The second most expensive fastener in the world I know you don’t have.  That’s the fastener you don’t have but you need now.  It always amazed how one or two boxes of anchors can bring a multi-million dollar to a screeching halt.  I have driven up to sites with five or six techs sitting on boxes of cable waiting for the fasteners to start the install, because they didn’t have the fasteners needed to work!   Fasteners are such a small percent of the budget that many times they are often overlooked, or assumptions are made of how the install will be done or who is supplying the fasteners.  So now the scramble begins.  We ship many packages each week via UPS air to get the fasteners to a site to keep the job going.  While it’s not my money being spent on the shipping, it still pains me to see cost to ship an item rival the cost of the product itself.  And it can get even more expensive when you find what you need has a lead time or is on a nationwide backorder.  Extra shipping, techs not being able to work and unexpected product delays start making the fastener you don’t have very expensive.

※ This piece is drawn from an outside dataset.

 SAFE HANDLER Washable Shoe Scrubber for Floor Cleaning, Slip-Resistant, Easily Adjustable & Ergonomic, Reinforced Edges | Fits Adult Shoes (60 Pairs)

The Takeaway.  So how do you avoid spending money on the two most expensive fasteners in the world.  Know what the right fastener is for the job.  Partner with a supplier that knows the application or is at least willing to do a little research and make sure you are using the right fastener.   Keep a stock on hand or in your guy’s trucks.  Again, not having what you need on hand can get expensive very fast.  And don’t’ just keep the standard items on hand.  If you see a tool or fastener that you think you may need someday, or you could have used on that one job, buy it!  It will be much cheaper now than when you don’t have it.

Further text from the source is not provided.